Wow. Your writing is amazing, as are the stories you tell...I giggled at the mesh undies bit and smiled at your descriptions of the trains. Very nice.

...~*~... said...

Oh boy, how I envy you. I dream of great trips like that, traveling around a country for months. :)

diE to SELF LiVE foR ChRisT said...

hi! just blog surfing!!

gardenbug said...

I love trains! Love to read of your excursions. You are a very good writer...kept me glued to the computer screen. gardenbug

cinnabuster said...

Nice writing! Fascinating to know that steam trains are still in use somewhere.

Chip Potts said...

Scott, I just happened onto your blog, and WOW! Have not had a chance to read all of it, but I will soon. In just a few months I will be leaving Washington, DC for a life changing two years. Your words have only filled me with more resolution that I am doing the right thing. I just returned from a weekend in Wheeling and New Martinsville, WV (my mom and dad's hometowns) and spoke with family about my journey—a journey that will take me across the country for 5 months and then on to Spain for a year. I even had a similar experience with my cousin as you did with your stepfather's stepmother. Her words, “Have your prayed about this?”

During my cross country sojourn, I will be looking at MFA programs. I have spent my adult life in accounting, never pursuing my passion for photography. I plan on expanding my portfolio while I am away. I hope that you will tune into my blog later when I have it "up and running."

Oh, and if I ever come across my old photographs of the old steam locomotive that use to make a yearly trip from Pittsburgh to Moundsville, I be sure to post it somewhere.

Best of luck, and thank you!

skiphunt said...

Hey, great writing and photography. I think I found a blog I can link to. ;-)

I'm new to the blogging thing but have always documented my travels via forums. Have you figured out a way to make money doing this? If so, where do you start?

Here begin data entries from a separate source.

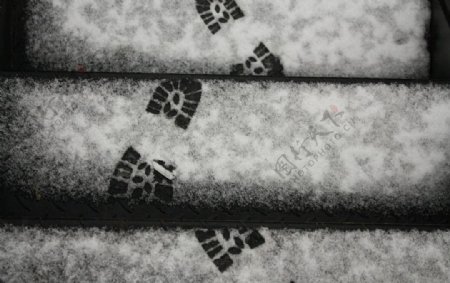 雪地里的脚印图片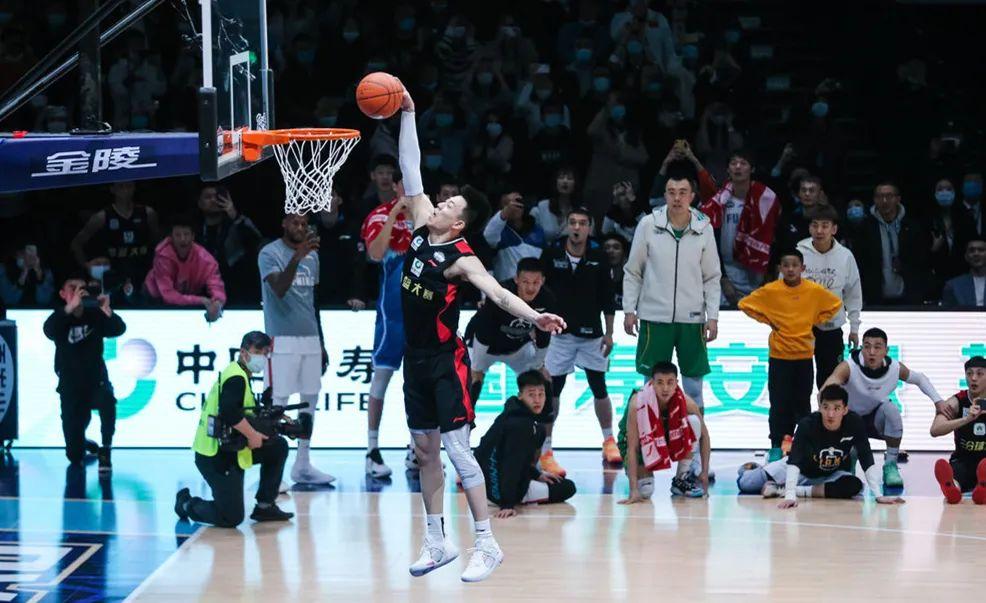 99比98張鎮麟1分絕殺陳登星今年cba扣籃大賽完爆nba啊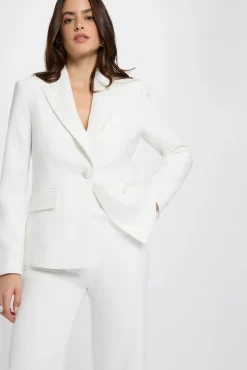 Chaqueta entallada de encaje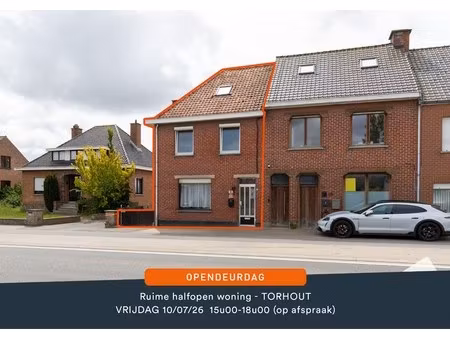 ruime half-open woning met 4 slaapkamers  muziekstudio/hobbyruimte  garage en leuke tuin
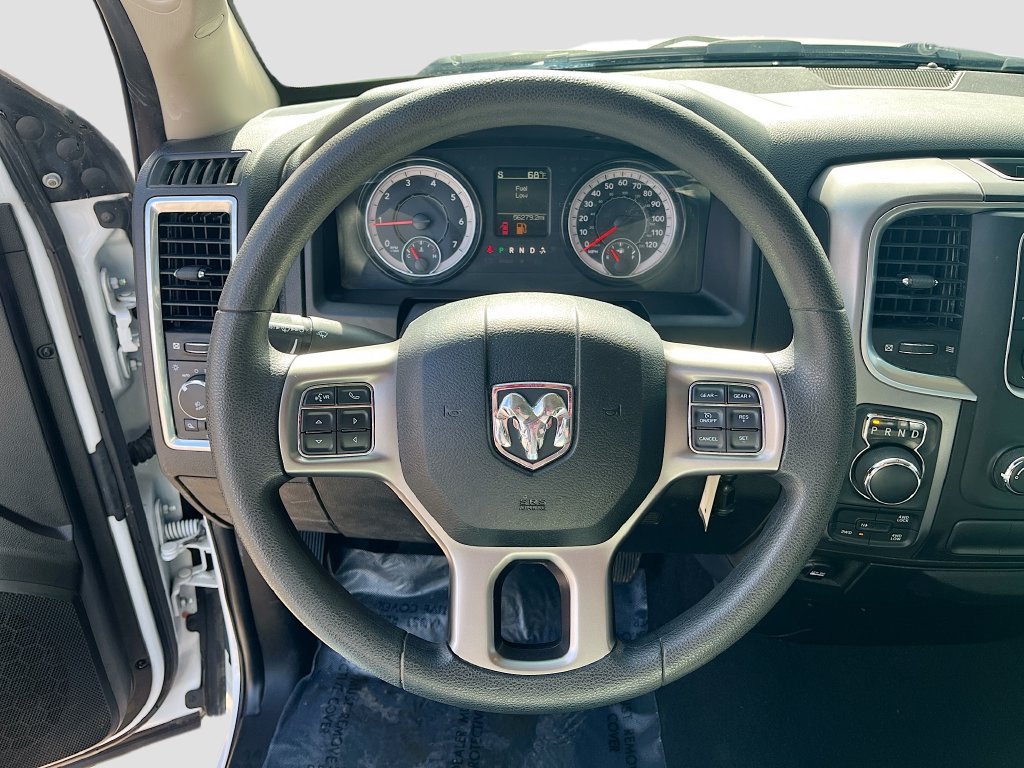 Used 2022 RAM 1500 Classic SLT AWD/4WD image 11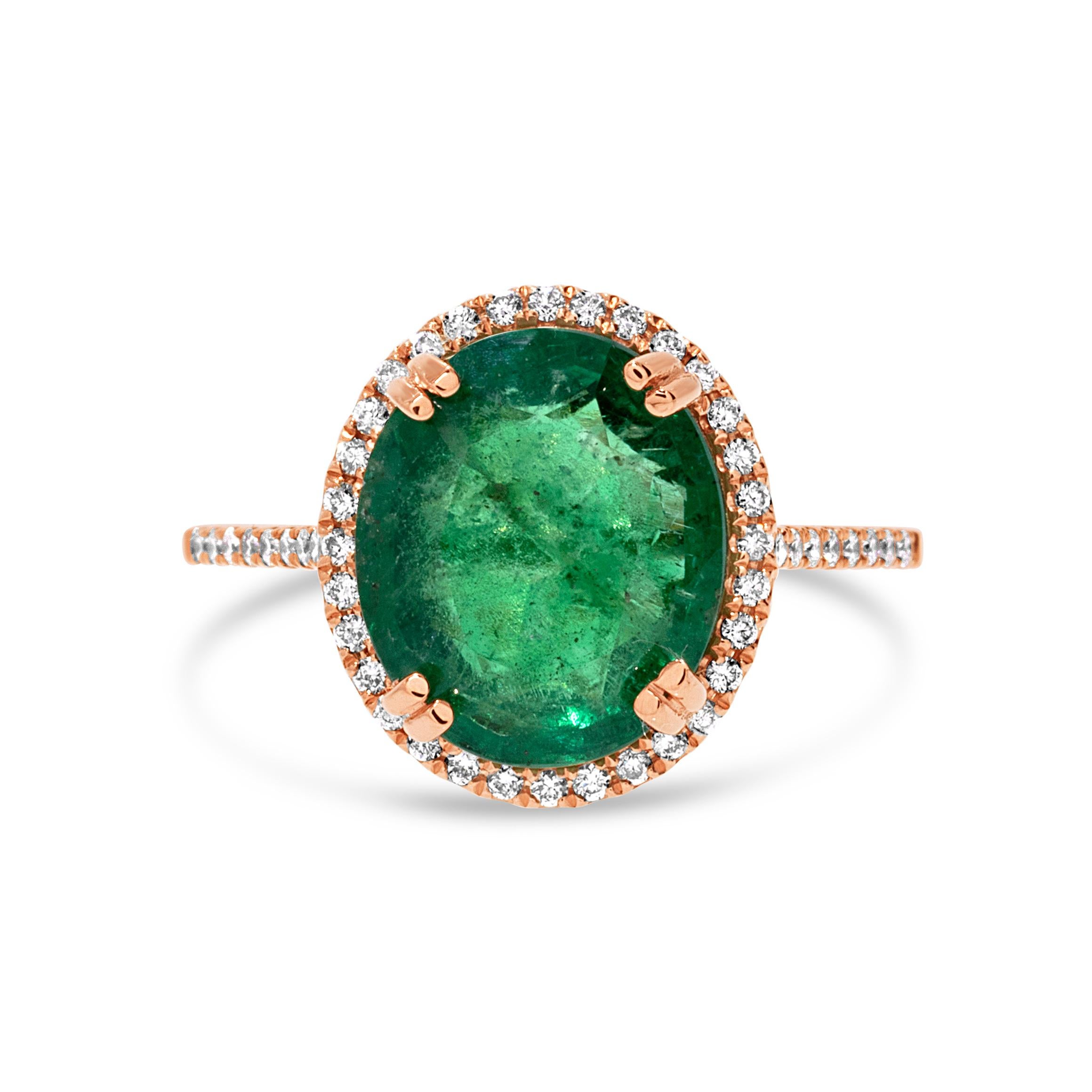 Contemporaneo Anello con smeraldo verde ovale e diamanti da 4,56 carati in oro rosa 14K Eleganza e lusso in vendita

I started a blog to collect all the forum posts I made during a motorcycle tour of Mexico and Baja with photos:

and, another one with little snippets from previous trips:

If you can offer any advice on how to move from an obsession.. to actually getting paid! It'd be much appreciated.

M.J. said...

Your description of requiring instruction to put on the little mesh undies...this brought me back to my own time living overseas, and the first time I had to pantomime pantyhose to a Japanese woman in a Japanese department store.

At least food is a non-issue in Japan. Most of the restaurants have plastic food in display cases in an outside display depicting the dishes they serve. You can just point. Then again, I had one of the best meals of my life in a Korean restuarant in Rome (the proprietor spoke Korean, Italian, and French, but not English). We basically told him "just bring us food". I still don't know what it was, but he sat with us and showed us how to eat it(yes, it required instructions!)and it was amazing.

You are starting on a life of travel that will lead you to discover many things, and to understand more of the societies of the world than you can ever learn in a book. You have to experience it to truly understand, and not just as a tourist. You'll end up with insight into societial differences and geo-political conditions that few people in the U.S. can comprehend. Your life will be richer for it.

And you're going to have great fun doing it. You are going to love Japan!

skiphunt said...

Is Japan just insanely expensive for Westerner to travel in? I'd heard that about Paris and various other locales... but I've always found you can "shoe-string" it just about anywhere. However, I've heard that's not the case with Tokyo. Anyone know?

Bill Lively said...

I am so relaxed just from reading this post! I miss the days of inexpensive massages. I look forward to your next post.

Olaf said...

I found your stories in Google and I'm very happy to read it. It was a great pleasure to travel with you, Ron and the other guys. Get the maximum in photography each day and night in China! Best regards to you and Ron!